Deputy City Manager Benjamin Bitter said the decision was made with economic forces in mind.
“As has been well documented in the news, rising construction costs have altered or even halted many construction projects across the country,” Bitter said. “In fact, ADOT recently released information indicating that construction costs have increased over 31% in the last year and 189% since 2016. These market forces have also impacted this project and we led them to examine all viable options before proceeding with construction. ”
Bitter added that as the design plans were being finalized, the projected cost of the building continued to rise.
“To continue would have meant either increased cost to taxpayers or reduced design,” Bitter said. “City Council and staff were determined to avoid both of these options and took on the challenge of finding another way to add value to the project, including finding a new location that could minimize some of the project’s costs.”
The previous site was in preparation for development, and this work has now prepared it for sale. No project-specific work was done there.
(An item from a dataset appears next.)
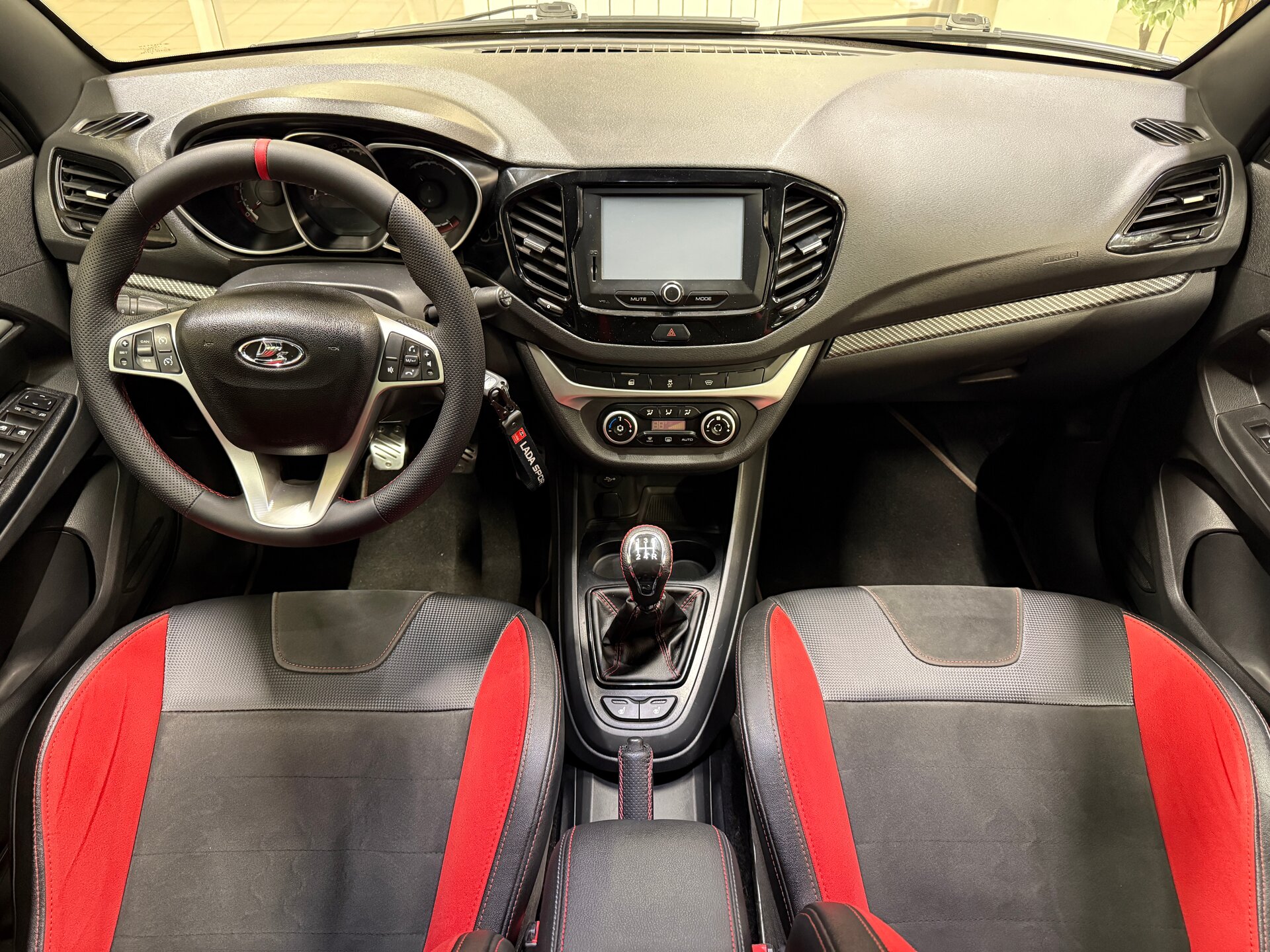 Lada (ВАЗ) Vesta, I 2019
The property still meets the city’s organizational goal of being a catalyst for redevelopment in the heritage district, while providing the city with revenue that can help offset project cost increases that have been realized due to market forces.
The new police building will be four times larger than the existing police facility and will contain a 9-1-1 call center, meeting the city’s needs for years to come.
“We estimate the new building will meet the needs of Maricopa residents until the city reaches a population of 150,000 to 200,000 people,” the city’s statement said.
City staff pointed out that funding for the $25 million project comes from a combination of its general fund, land sale proceeds and police impact fees and that no new taxes or debt was created to finance the project.